私も主張には概ね賛成。自分でも、固定リンクは「必要無いかもね」と思うシーンが増えてきたからだ。

 

理由は単純。SNSを通したコミュニケーションに、URLは必要が無いから。ただただ、それだけ。

重要なのは、コンテンツを誰と共有するかや、LIKEやfavボタンを押すという行為のみ。主体となるのは、オンラインという名前の空間でもあり場であり、そこに集う人達なのだ。URLはネタというか、現実世界でいうところの住所という程度の意味しかない。

だから、固定リンクは要らないよね、そう思っていた時期が、私にもあった。

しかし、実際には違った。固定リンクは必要だ。

こう思い直したのは、私がとある記事を読んだ時。初見では、その筆者の事が嫌いになった。論理的には正しいなと思いつつ、その文面から嫌悪感なり差別意識を感じたからだ。なんて酷い主張をする筆者であろうと。

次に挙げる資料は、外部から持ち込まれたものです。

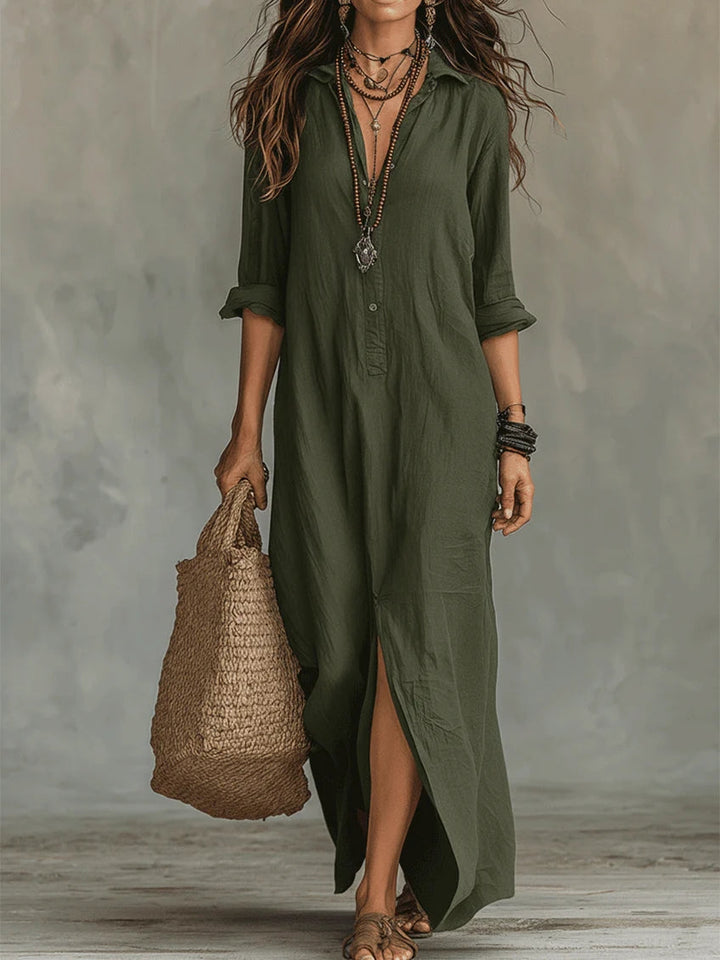 Elegant floaty maxi dress in black with a flowing full-length silhouette and structured bodice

普段なら、そのままブラウザをソッと閉じるところ、たまたま気になり、他の記事にも目を通す。するとどうであろう。件の記事は、その筆者の主張に対するアンチテーゼの文脈を持っていたのだった。

私は、前後の文脈を知らず、ただ、単純に与えられたURLの記事に対してのみ噛みついてしまっていた。記事を咀嚼もせず、目の前に出された餌に対して、私は、パブロフの犬よろしく、条件反射しかしていなかったのである。

「これは、やられた!」と私は思った。気がつかないうちに、私自身ネットで、刹那的な時間を過ごしていたのだと気がつかされたのだ。理性を押し殺し、感情だけで情報を処理するだけならば、確かにURLは不要だろう。だが、そうではない。

当時の私は、視野が狭かった、考えが浅かったのだ。今ならハッキリ自覚できる。だから、私は国語も嫌いだったのだろう。

いい年をして、ようやく気がついたというか、正直恥ずかしい。

いや、まだ気づく事が出来て、良かったと言えるのだろうか。